EDITORIAL: Hey, stop trying to censor the Internet

State Hornet Staff

Software piracy and copyright infringement is a huge problem for the entertainment industry. Since April 2011, three bills and one international trade agreement have been introduced as attempts to curb digital copyright infringement. None of the four attempts have been passed by Congress, because all four would have granted corporations and the government the ability to gather the private information of anybody who uses services like Google and Facebook.

The four attempts at stopping Internet piracy were: The Stop Online Piracy Act (SOPA), PROTECT IP Act (PIPA), Anti-Counterfeiting Trade Agreement (ACTA) and the most recent attempt, the Cyber Intelligence Sharing and Protection Act (CISPA). All four were vague enough to grant sweeping powers to both the government and corporations that would effectively censor the Internet.

This is not the right approach to battling piracy and digital crime.

The most recent bill, CISPA, was passed by the House of Representatives on April 18. CISPA would allow for corporations and the government to freely share all the private information they have with each other in the name of battling the theft of intellectual property. When it reached the Senate, the members decided to change the bill; the Senate is drafting its own version of the bill, according to the Huffington Post.

“Information sharing is a key component of cybersecurity legislation, but the Senate will not take up CISPA,” Sen. Jay Rockefeller (D-W.Va.), chairman of the Senate Commerce Committee, told the Huffington Post.

Even though Congress refuses to kill CISPA, the White House has explicitly stated it will issue a veto against CISPA if it passes.

“We have long said that information sharing improvements are essential to effective legislation, but they must include proper privacy and civil liberties protections, reinforce the appropriate roles of civilian and intelligence agencies and include targeted liability protections,” the official White House statement released April 16 said.

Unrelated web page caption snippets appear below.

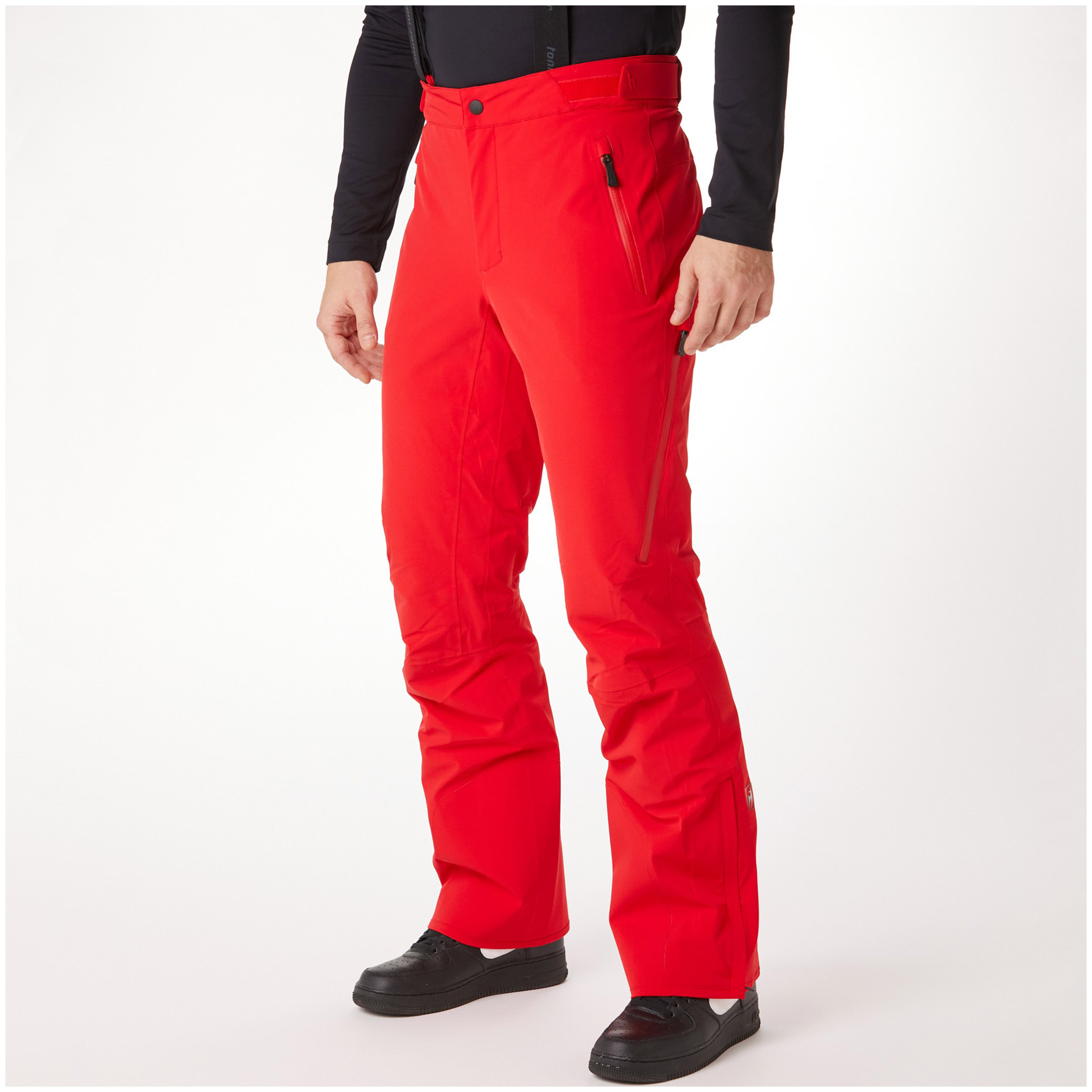 Toni Sailer Nicky Pants - Men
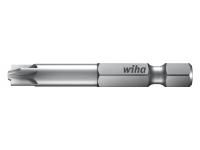 Wiha 32688 7049XZ1090 7049XZ1090 PZ Xeno Bit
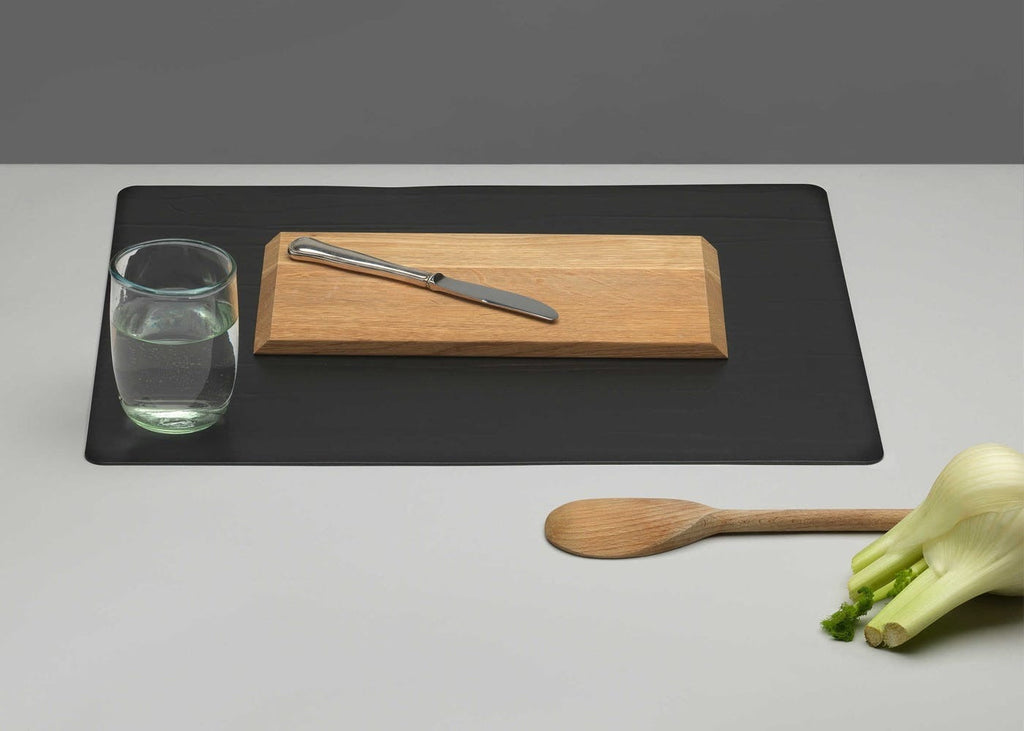 Square Placemat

If the government were able to access all the private information a corporation possesses about a person, or vice-versa, it would mean that person could easily be tracked throughout his or her life as long as they stay in a country with a cell phone network.

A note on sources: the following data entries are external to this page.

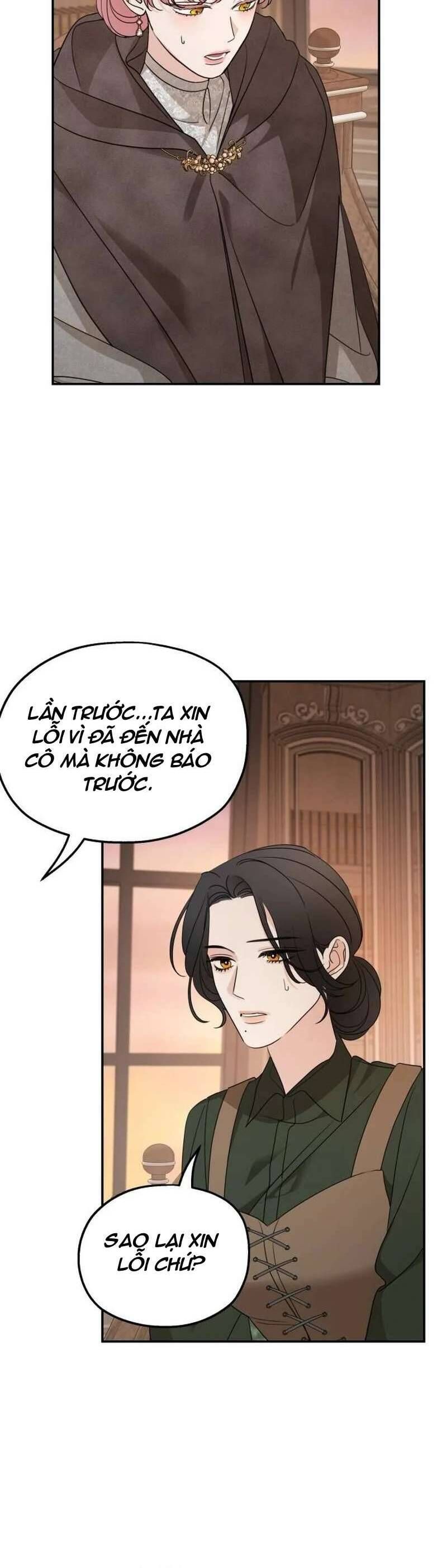 đọc truyện Gia Đình Chồng Vô Cùng Yêu Thích Tôi Chương 126 ảnh 10 tại Giả Dược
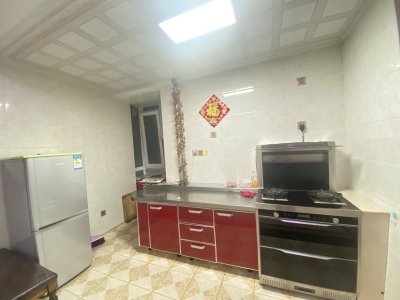 万达维多利亚湾（31-67号楼）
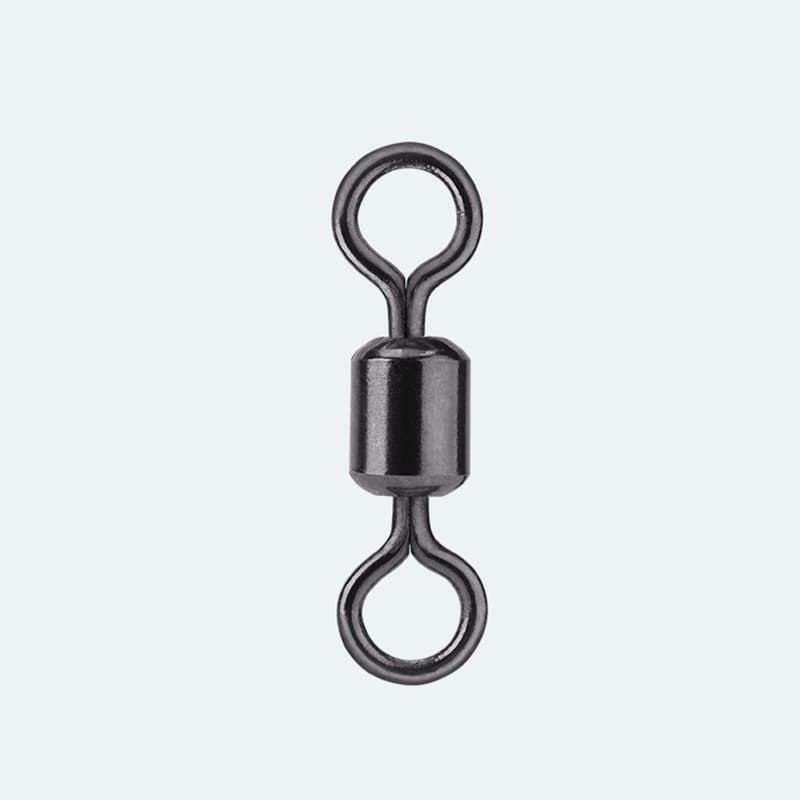 Вертлюг BKK Rolling Swivel-32 №5 32kg D-MQ-1175 купить,NaN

Even if the person in question obeys the law throughout his or her life, there is no guarantee the information will not be misused or abused. While identity theft is the biggest issue, corporations could discriminate against this person in job applications, interest rates, mortgages or car loans, just to name a few potential abuses.

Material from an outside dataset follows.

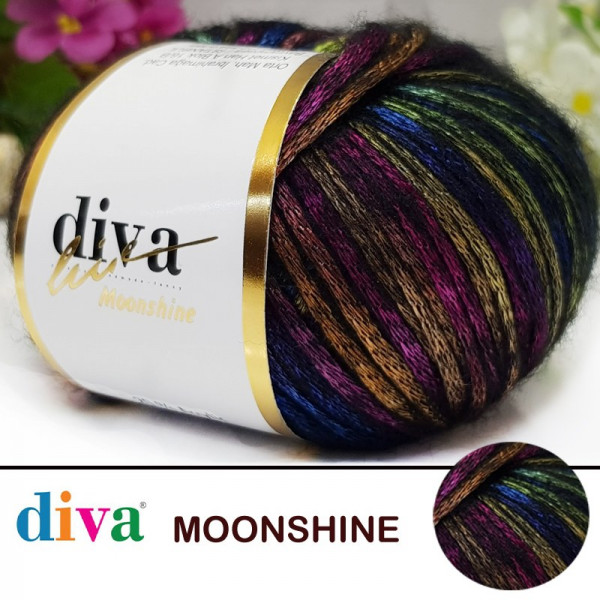 Diva Moonshine 005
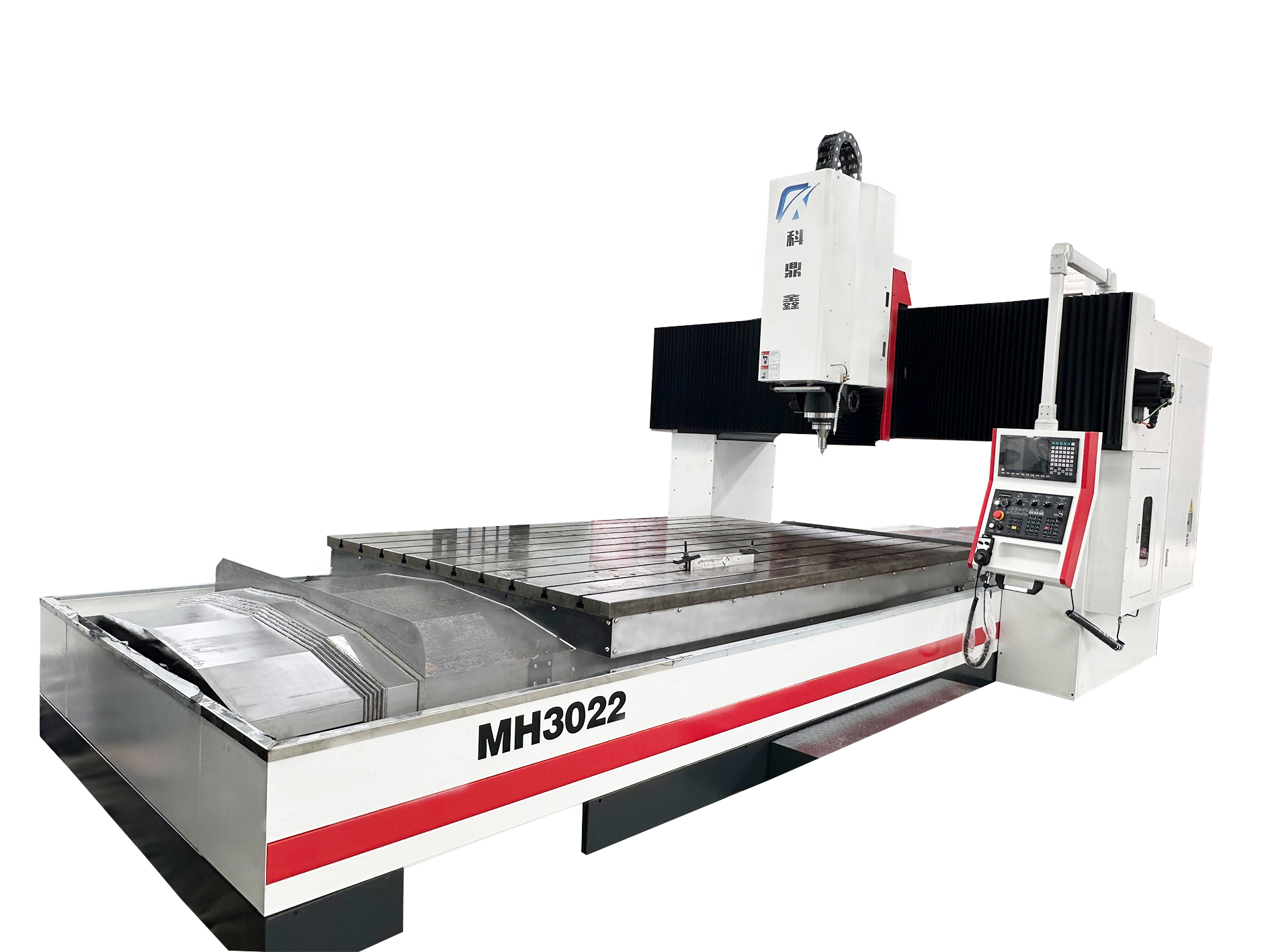 电池托盘搅拌摩擦焊焊机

Even with these problems and the ones the White House addressed, the U.S. still signed ACTA in 2011, alongside Australia, Canada, Japan, Morocco, New Zealand, Singapore, and South Korea. The international trade agreement, if ratified by the countries that signed it, pressures Internet service providers to enforce suspected copyright infringement among their customers, increases civil and criminal penalties for copyright violations, requires legal ramifications for people circumnavigating copyright protection technologies and it violates users’ privacy and due process rights, according to the Electronic Frontier Foundation.

During the ACTA negotiations, protesters took to the streets all over the world. The Christian Science Monitor reported in 2011 that protests sprung up in Germany, France, the United Kingdom and other European nations in an attempt to convince the European Union to abandon support for the agreement.

The protests seemed to have a hand in convincing Germany, Poland, the Czech Republic, Slovakia and Latvia to pull their support for ACTA. Germany’s Justice Minister, Sabine Leutheusser-Schnarrenberger, refused to sign the treaty until her colleagues in the European Commission and the European Parliament considered all the legal ramifications of ratifying ACTA.

Combating piracy does not have to mean censoring the Internet. This is not merely a domestic issue, but an international one that needs to be handled neutrally so as to curb piracy while keeping the enforcers from having too much power.

In fact, it could be too daunting of a task to prevent piracy through law; a more effective method would involve making content more available to users while convincing those same users that piracy is not a victimless crime.